A partir de esta participación en el modo de ver de Jesús, el apóstol Pablo nos ha dejado en sus escritos una descripción de la existencia creyente. El que cree, aceptando el don de la fe, es transformado en una criatura nueva, recibe un nuevo ser, un ser filial que se hace hijo en el Hijo. «Abbá, Padre», es la palabra más característica de la experiencia de Jesús, que se convierte en el núcleo de la experiencia cristiana (cf Rom 8,15). La vida en la fe, en cuanto existencia filial, consiste en reconocer el don originario y radical, que está a la base de la existencia del hombre, y puede resumirse en la frase de san Pablo a los Corintios: «¿Tienes algo que no hayas recibido?» (1Cor 4,7). Precisamente en este punto se sitúa el corazón de la polémica de san Pablo con los fariseos, la discusión sobre la salvación mediante la fe o mediante las obras de la ley. Lo que san Pablo rechaza es la actitud de quien pretende justificarse a sí mismo ante Dios mediante sus propias obras.
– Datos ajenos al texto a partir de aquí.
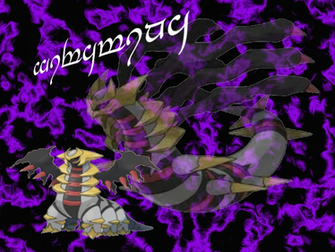 Giratina Wallpaper By Disneylouis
Este, aunque obedezca a los mandamientos, aunque haga obras buenas, se pone a sí mismo en el centro, y no reconoce que el origen de la bondad es Dios. Quien obra así, quien quiere ser fuente de su propia justicia, ve cómo pronto se le agota y se da cuenta de que ni siquiera puede mantenerse fiel a la ley. Se cierra, aislándose del Señor y de los otros, y por eso mismo su vida se vuelve vana, sus obras estériles, como árbol lejos del agua. San Agustín lo expresa así con su lenguaje conciso y eficaz: “Ab eo qui fecit te noli deficere nec ad te” (“de aquel que te ha hecho, no te alejes ni siquiera para ir a ti”)». Cuando el hombre piensa que, alejándose de Dios, se encontrará a sí mismo, su existencia fracasa (cf Lc 15,11-24). La salvación comienza con la apertura a algo que nos precede, a un don originario que afirma la vida y protege la existencia. Solo abriéndonos a este origen y reconociéndolo, es posible ser transformados, dejando que la salvación obre en nosotros y haga fecunda la vida, llena de buenos frutos. La salvación mediante la fe consiste en reconocer el primado del don de Dios, como bien resume san Pablo: “En efecto, por gracia estáis salvados, mediante la fe. Y esto no viene de vosotros: es don de Dios” (Ef 2,8s)» (Lumen fidei, 19).
Pablo propone a los romanos los horizontes universales de la gracia de Dios, que están en la base de la misión a él confiada y comunicada a la Iglesia, nacida de la Pascua de Jesús y enviada al mundo por el Espíritu del resucitado.